This is how New York City covered the traffic in 1980.

It was a mish-mash of on-the-road CB reports, spotters in tall buildings, small planes flying over the highway.

And this is what the traffic in New York City looks like right now. It’s still a mish-mash, but an elegant and technically-savvy one. A series of satellite photos are overlaid with data from sensors along the roadways. It’s useful data, but it could still be refined more: what’s causing this sudden slow-down for example? Is there a lane blocked? Which one?

The traffic problem is a great example of what I’ll call the last mile problem in observing the state of the world. Here, the miles are vertical ones, those between the ground and satellite observation.
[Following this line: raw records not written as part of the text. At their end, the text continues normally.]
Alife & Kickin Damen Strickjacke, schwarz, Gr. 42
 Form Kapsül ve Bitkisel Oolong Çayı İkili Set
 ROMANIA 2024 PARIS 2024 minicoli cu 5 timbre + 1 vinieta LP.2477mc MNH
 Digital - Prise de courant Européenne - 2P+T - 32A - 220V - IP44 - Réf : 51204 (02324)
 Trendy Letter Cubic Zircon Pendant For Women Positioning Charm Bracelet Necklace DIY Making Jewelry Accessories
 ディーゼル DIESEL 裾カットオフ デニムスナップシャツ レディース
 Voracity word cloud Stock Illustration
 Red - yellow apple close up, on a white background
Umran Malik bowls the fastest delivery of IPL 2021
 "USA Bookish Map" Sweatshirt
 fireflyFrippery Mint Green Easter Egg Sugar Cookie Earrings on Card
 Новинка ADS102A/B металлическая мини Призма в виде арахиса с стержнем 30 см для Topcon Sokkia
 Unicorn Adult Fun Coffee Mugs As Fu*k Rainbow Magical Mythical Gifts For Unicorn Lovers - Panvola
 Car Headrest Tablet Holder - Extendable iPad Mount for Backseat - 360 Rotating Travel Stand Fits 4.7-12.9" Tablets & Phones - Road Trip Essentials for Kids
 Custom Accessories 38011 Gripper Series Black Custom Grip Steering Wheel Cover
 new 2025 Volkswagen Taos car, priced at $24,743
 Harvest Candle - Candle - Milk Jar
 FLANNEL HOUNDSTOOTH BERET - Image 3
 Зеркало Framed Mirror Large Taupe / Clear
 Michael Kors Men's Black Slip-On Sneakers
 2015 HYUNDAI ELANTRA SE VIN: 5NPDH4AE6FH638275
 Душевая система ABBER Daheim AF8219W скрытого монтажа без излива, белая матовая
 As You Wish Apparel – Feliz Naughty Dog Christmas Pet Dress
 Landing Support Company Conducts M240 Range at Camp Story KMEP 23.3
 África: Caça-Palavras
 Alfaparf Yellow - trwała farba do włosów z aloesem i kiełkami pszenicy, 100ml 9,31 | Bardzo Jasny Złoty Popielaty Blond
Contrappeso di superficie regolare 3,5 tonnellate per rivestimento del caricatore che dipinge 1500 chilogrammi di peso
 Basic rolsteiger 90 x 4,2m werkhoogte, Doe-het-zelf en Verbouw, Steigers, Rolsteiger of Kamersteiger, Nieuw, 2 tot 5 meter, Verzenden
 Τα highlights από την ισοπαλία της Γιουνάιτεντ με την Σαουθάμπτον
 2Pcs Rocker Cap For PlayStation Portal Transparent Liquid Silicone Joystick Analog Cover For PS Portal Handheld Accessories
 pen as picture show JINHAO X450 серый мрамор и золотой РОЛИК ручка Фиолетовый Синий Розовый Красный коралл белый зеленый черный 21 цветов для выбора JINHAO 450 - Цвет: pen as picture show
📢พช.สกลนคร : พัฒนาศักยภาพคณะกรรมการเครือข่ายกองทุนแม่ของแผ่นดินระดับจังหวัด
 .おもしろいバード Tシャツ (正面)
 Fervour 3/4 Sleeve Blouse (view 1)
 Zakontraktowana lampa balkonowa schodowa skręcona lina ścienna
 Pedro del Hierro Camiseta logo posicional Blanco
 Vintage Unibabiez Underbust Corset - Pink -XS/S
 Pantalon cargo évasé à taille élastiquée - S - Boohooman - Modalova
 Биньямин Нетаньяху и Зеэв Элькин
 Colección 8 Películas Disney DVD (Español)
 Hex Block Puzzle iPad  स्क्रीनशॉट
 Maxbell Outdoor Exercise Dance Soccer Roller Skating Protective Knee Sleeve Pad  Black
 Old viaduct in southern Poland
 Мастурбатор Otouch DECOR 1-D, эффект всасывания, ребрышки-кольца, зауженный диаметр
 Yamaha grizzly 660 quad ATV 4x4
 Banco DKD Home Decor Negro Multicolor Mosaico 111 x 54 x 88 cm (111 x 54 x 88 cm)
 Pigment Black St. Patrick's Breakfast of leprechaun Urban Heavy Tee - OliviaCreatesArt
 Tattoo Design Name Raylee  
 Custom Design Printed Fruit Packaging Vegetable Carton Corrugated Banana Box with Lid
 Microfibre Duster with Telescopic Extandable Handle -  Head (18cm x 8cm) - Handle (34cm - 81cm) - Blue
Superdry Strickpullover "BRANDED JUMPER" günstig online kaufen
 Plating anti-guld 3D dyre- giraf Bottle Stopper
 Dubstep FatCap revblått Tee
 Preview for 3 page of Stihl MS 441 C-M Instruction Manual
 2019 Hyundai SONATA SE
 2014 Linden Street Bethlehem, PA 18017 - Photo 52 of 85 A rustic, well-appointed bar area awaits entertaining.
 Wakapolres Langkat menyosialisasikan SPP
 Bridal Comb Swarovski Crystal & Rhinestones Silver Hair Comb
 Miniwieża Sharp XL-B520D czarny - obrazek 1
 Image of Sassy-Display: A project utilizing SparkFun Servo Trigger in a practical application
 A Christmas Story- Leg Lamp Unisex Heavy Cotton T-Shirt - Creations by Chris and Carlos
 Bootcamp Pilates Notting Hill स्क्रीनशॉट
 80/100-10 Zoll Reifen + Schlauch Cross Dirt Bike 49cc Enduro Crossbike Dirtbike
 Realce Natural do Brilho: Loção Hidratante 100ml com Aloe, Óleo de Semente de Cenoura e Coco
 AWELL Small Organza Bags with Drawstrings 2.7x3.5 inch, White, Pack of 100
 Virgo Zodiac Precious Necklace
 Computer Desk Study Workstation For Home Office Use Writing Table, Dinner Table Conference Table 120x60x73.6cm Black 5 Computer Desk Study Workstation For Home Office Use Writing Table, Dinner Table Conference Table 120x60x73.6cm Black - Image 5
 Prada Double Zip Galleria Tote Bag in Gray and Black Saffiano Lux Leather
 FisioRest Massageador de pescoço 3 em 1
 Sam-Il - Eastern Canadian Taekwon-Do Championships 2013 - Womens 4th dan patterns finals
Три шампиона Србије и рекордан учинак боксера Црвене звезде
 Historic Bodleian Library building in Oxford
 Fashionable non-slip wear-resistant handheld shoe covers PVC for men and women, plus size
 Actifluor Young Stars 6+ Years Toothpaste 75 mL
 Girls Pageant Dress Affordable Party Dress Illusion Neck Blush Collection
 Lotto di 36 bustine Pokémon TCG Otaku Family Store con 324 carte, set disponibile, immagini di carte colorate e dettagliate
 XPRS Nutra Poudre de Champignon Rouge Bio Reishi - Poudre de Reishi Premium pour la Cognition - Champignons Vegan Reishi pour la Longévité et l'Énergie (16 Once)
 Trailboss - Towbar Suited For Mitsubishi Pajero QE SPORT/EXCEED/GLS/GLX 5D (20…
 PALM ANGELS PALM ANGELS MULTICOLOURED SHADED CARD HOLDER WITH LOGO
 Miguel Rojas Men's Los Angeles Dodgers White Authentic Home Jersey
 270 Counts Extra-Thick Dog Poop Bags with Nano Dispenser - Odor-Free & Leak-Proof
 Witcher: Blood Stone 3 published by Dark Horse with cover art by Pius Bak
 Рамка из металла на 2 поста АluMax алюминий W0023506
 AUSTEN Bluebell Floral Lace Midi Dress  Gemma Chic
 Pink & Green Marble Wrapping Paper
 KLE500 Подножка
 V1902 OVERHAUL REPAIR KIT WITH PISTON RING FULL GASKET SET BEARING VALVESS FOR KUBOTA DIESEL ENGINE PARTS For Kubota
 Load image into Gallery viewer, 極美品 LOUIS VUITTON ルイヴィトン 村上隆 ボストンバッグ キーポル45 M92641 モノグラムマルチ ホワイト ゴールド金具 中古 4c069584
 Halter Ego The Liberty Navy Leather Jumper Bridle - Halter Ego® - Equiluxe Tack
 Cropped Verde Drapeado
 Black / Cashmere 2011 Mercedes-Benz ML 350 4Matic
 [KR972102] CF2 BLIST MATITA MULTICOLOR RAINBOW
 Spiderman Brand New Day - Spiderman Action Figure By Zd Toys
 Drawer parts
Information about the world is caught in a pincer. We have on-going, up-to-the-minute info on what’s happening all around us (though real-time Street View remains out of reach). We have stationary, orbiting satellites relaying information above us and other, mobile craft taking photos and surveying our environment. The former gives us granular, specific information about the world; the latter, big picture and trends. Google Traffic combines the two nicely, for our benefit.

But what about that middle space? Close, constant information about what’s happening at a big picture level?

That’s where drones can come in.

Drones have an image problem, nicely encapsulated here by Forbes‘ John McQuaid. Used primarily by the police and military, it’s hard to see them as much beyond hovering spies, peeking in our windows. But nearly all of our technology has started in the hands of the government: the Internet that allows us to share info in real-time, those satellites far above our heads. These are not bad tools, any more than drones are. They just have two advantages: 1) we’re used to them, and 2) we aren’t constantly hearing about how they’re killing people in Afghanistan and Yemen.

There’s a role for drones to play. They can host WiFi over a broad area, for example, and track data (like traffic!) in real-time and with great specificity. Streaming media, local shared data, weather information: localized drones hovering above us can simplify existing systems and add new capabilities. Things that in fifty years we’ll find so useful as to be unremarkable.

I am not suggesting that having a camera above one’s house controlled by the police isn’t cause for concern. But I am suggesting that privacy issues can be addressed with an eye toward making our lives easier. Allowing private sector unmanned aircraft, for example, can provide benefits without the same privacy concerns. (Other privacy concerns, yes. But not the more nefarious ones that come with government ownership.)

There’s a wealth of opportunity for tools, systems, and information in the massive empty space directly above you. The natural object to fill that space is an unmanned aircraft, armed with routers and sensors, not missiles and police cameras.